Why now is the time to rethink

For those of us who have been working in the field for decades, there are two powerful reasons that now is the time for a rethink. First, several of the most physical constraints to resource-based development have shifted. Clean power can now be produced affordably and locally where the planning is done to support it. Markets that were assumed to be global and centralized are becoming more regional, as more regions move to build their own capacity and secure their own supply. And the recognition that integration and regional coordination are necessary has grown. And second, supply-security concerns and the return of industrial policy have opened real room for integrated, development-oriented strategies that were politically unattractive a decade ago. The barrier to integrated, development-oriented resource strategies is now mainly institutional and architectural: whether the field organizes itself to work across the systems it has always been part of.

The most valuable thing twenty years of work leaves us with is not fixed answers but a set of hard-won learnings, including, most importantly, the limits of the approaches we have tried. Those who have spent decades in this field should not cling to what we have been trying this whole time; that would be misreading both the evidence and the moment. Defending a position we have held for so long risks entrenches an old framing even as its assumptions prove flawed and the systems beneath it move. 

But the depth of experience is critical: we know what was tried, what mattered, and why earlier efforts fell short.
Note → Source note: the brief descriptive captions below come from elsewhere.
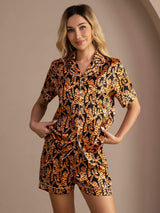 [Schwarzer Tiger] SilkSilky-DE Short Sleeve Lapel Collar Damen Pyjamas 005
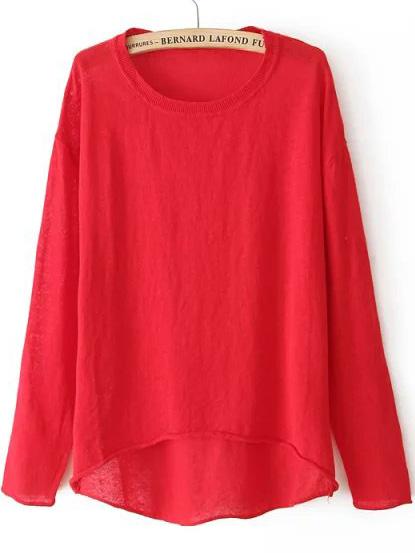 Romwe Dip Hem Knit Red Sweater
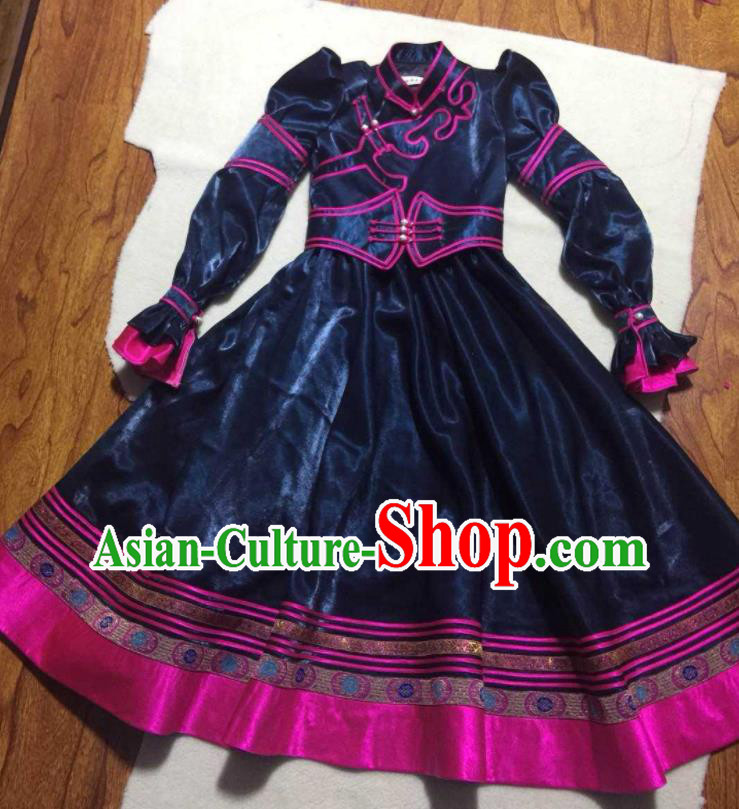 Chinese Ethnic Children Dance Clothing Mongolian Festival Dress Garment Mongol Nationality Girl Navy Brocade Robe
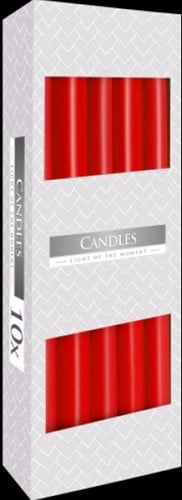 [A-023548] Taper Kaarsen Rood 25x2,2 cm Set 10 stuks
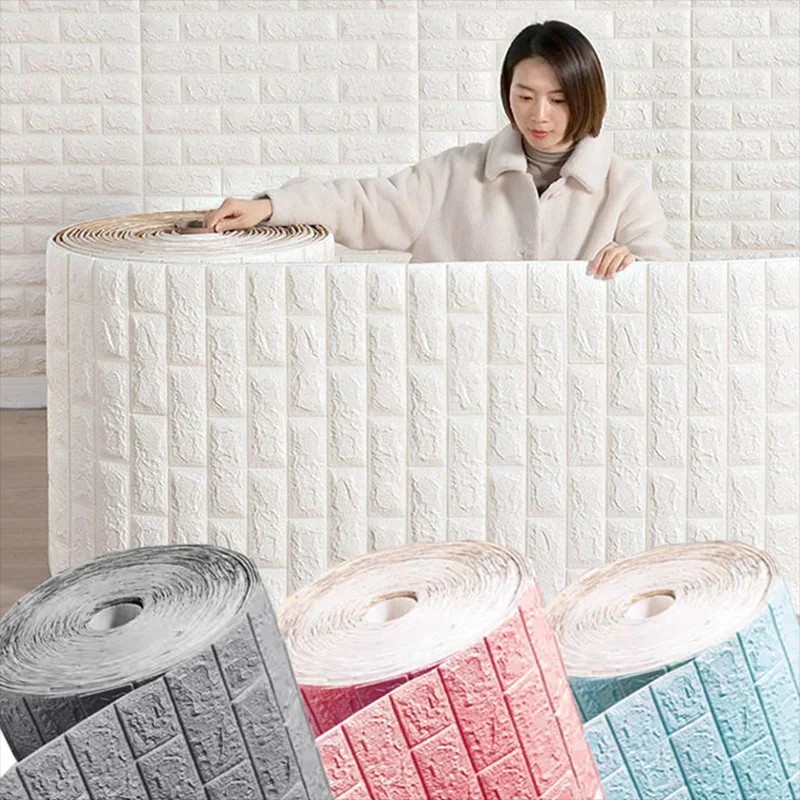 3D Foam Brick Self Adhesive Wallpaper Waterproof Wall Stickers Home Decor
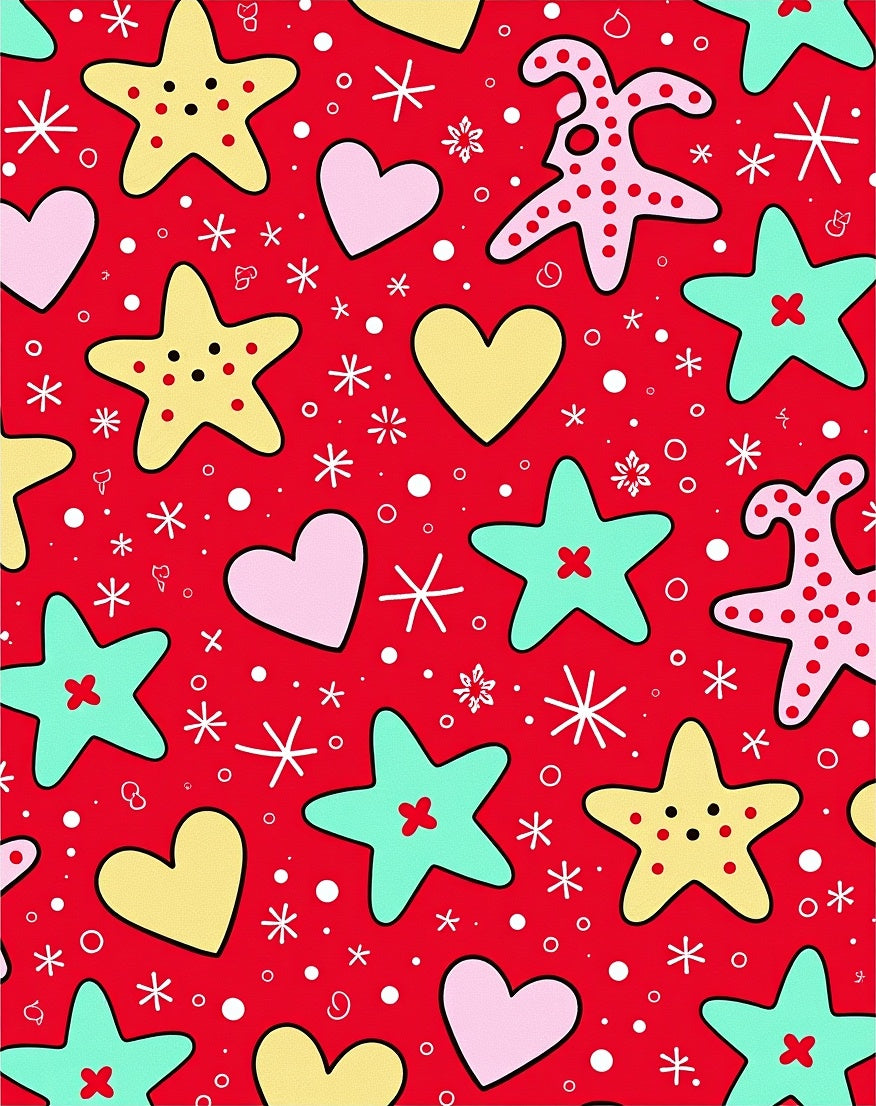 Playful Star Hearts Scatter Red Rug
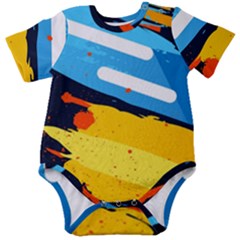 Colorful Paint Strokes Baby Short Sleeve Bodysuit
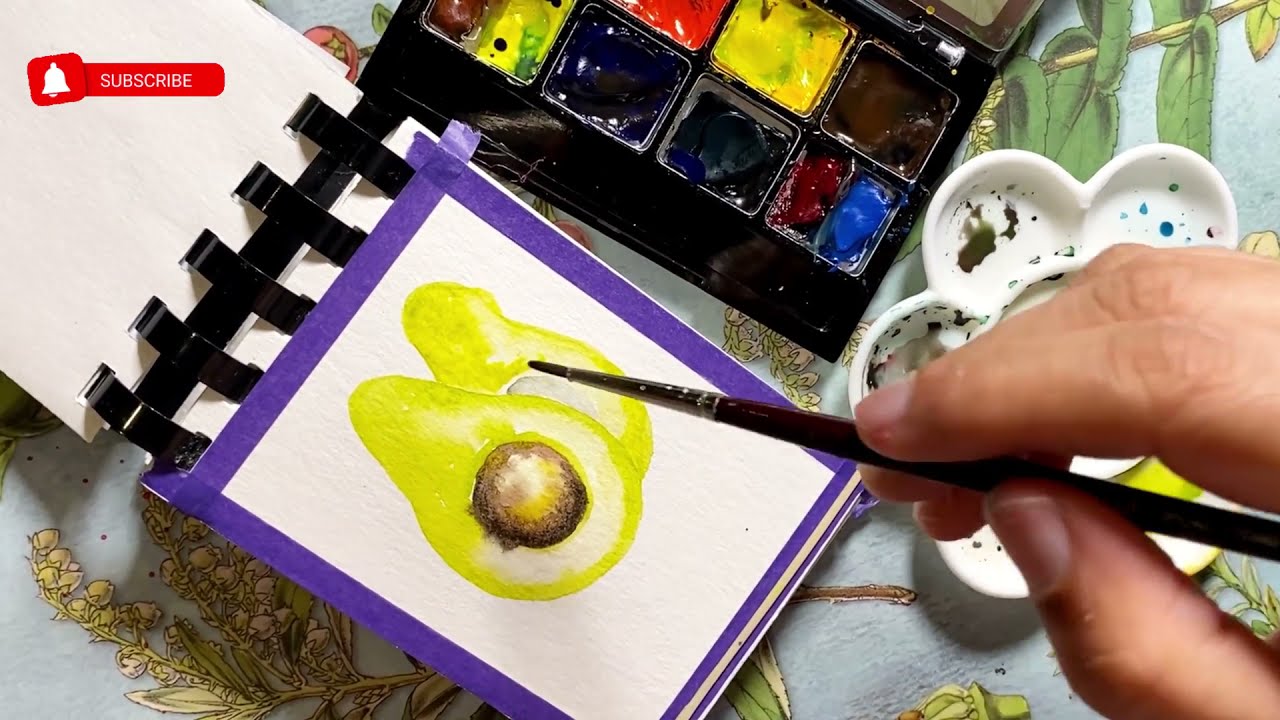How to Paint Avocado using Watercolors - Step by Step | Arpana's Art Room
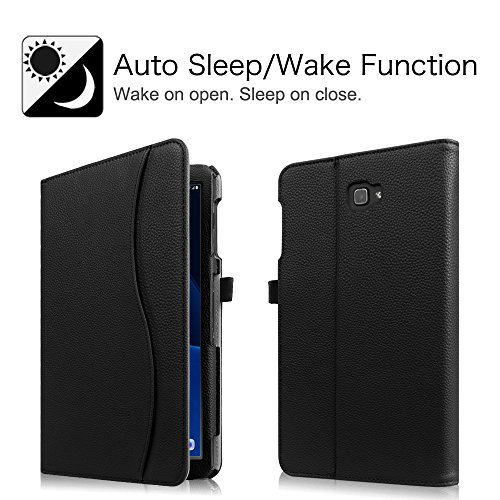 Fintie Samsung Galaxy Tab A 10.1 Hülle – [Eckenschutz] Multi-Winkel Betrachtung Folio Stand Schutzhülle Cover Case Tasche mit Dokumentschlitze, Standfunktion, Auto Wake / Sleep für Samsung Galaxy Tab A 10,1 Zoll T580N / T585N Tablet (2016 Version), Schwarz - 2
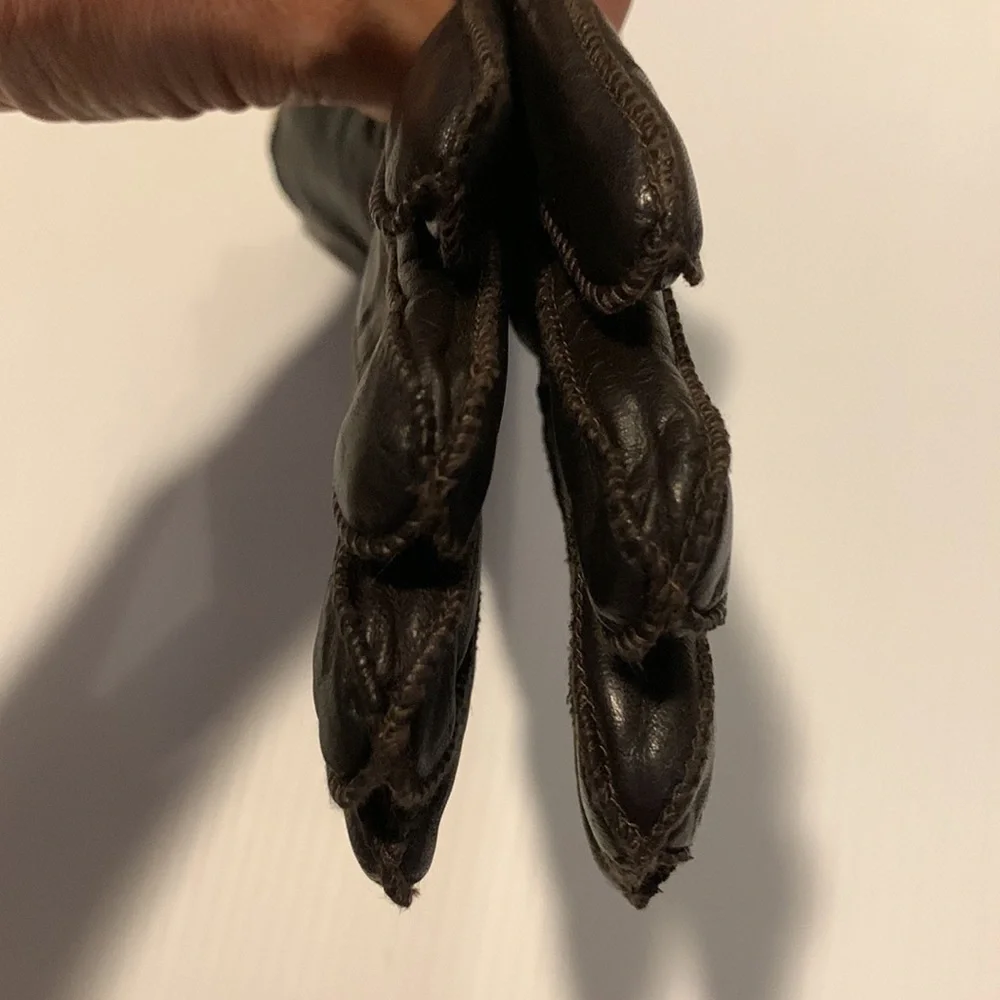 DARK Brown Leather Gloves with Lining Size M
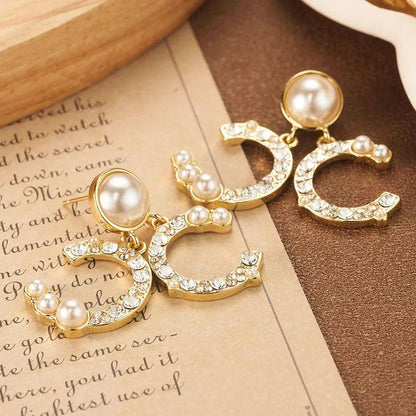 Golden Pearl and Crystal Earrings - Elegant Charme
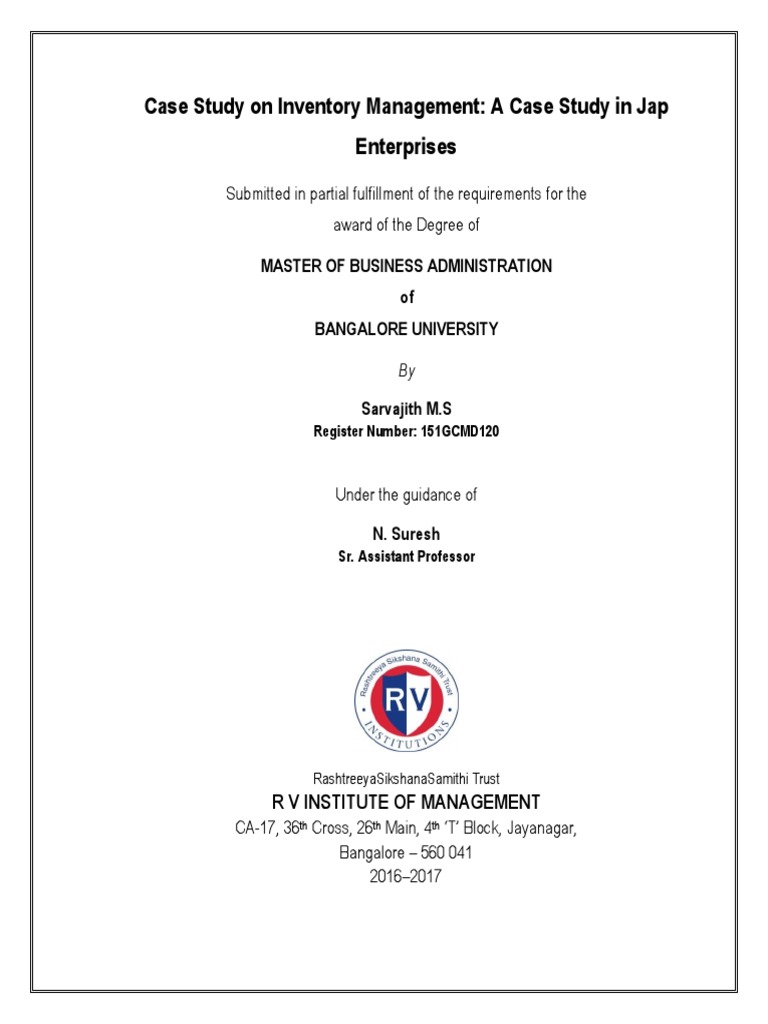 Inventory Management Case Study: JAP Enterprises | PDF | Inventory ...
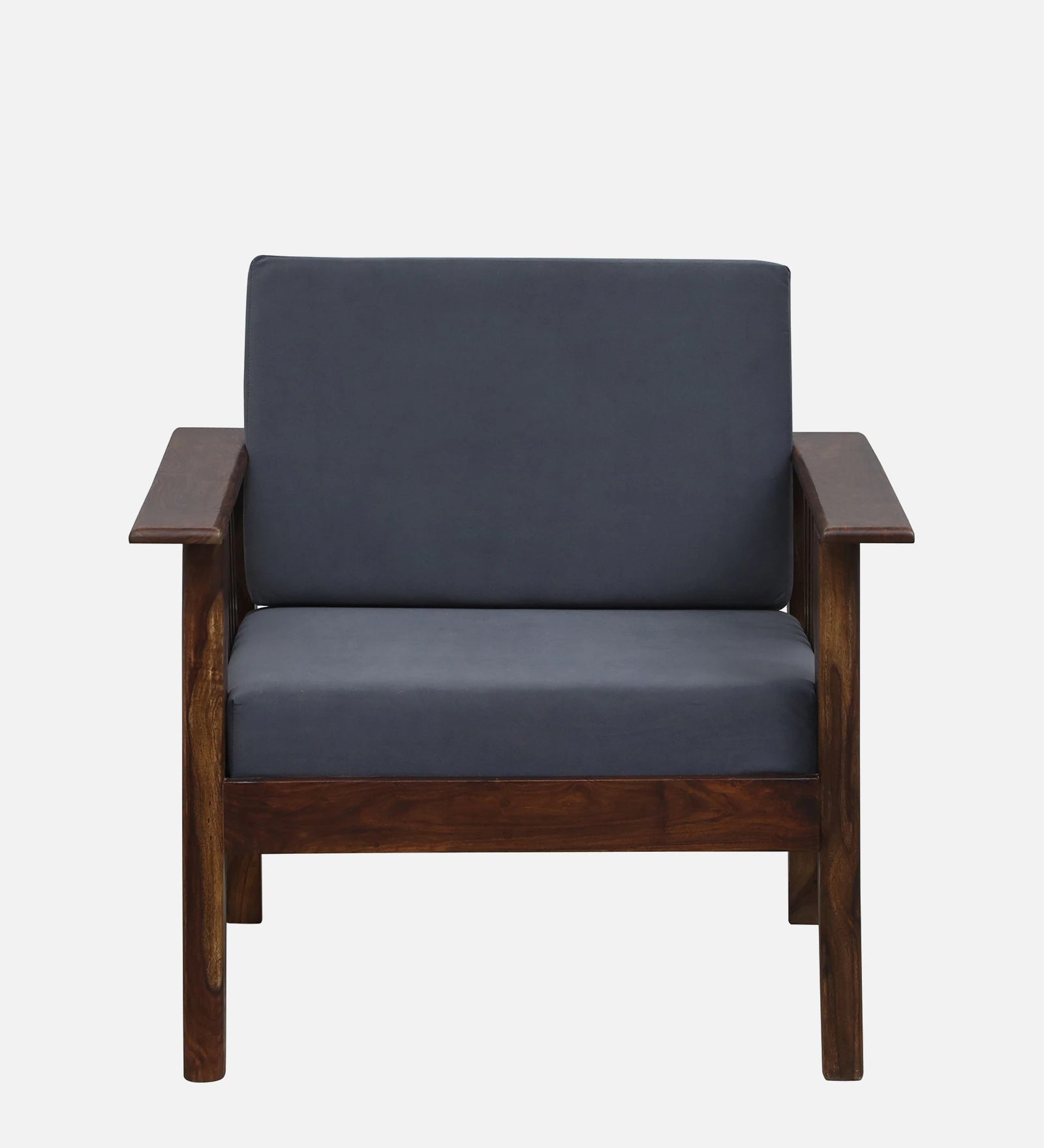 Caron Sheesham Wood 1 Seater Sofa In Grey Colour - Febonic Living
When the same questions are asked anew, the institutions and individuals who have engaged deeply in that work are best placed to reflect on how to think differently about the questions and the answers, so that we do not repeat the patterns of the past. Doing so requires a level of reflection and reckoning that may be uncomfortable to longstanding leaders in the field. And yet, knowing the terrain well enough to reframe the question – and push the conversation forward, rather than defend or replay the past, is an essential contribution two decades in this field can offer.

The task now is to foreground the interconnections, where the outcomes are actually decided. A processing facility is viable when the energy system has been planned to power it affordably. A mineral corridor pays off when the transport and the industrial capacity around it are sequenced together rather than negotiated piece by piece. Shared water infrastructure can serve the mine, the farms, and the cities downstream when it is planned at the basin level rather than built in parallel. An endowment becomes development when its financing is tied to a costed investment plan inside a national or regional strategy. A larger government take and a tangible community benefit become less of a fight over a fixed sum when the project is built into a development strategy that enlarges what there is to share. Affordable power, regional markets, and secured demand come together when they are sequenced as one. Seen as one system, the trade-offs that looked fixed start to give.

This matters to the people who fund the work as much as the people who do it. The opportunity is to back new thinking—including interdisciplinary work that does not fit neatly in any one silo. To draw on the people who carry decades of experience, not to ask them to defend what they built, but to ask what it taught. That work matters now in a way it has not before, with the questions open again and the moment ready for different answers.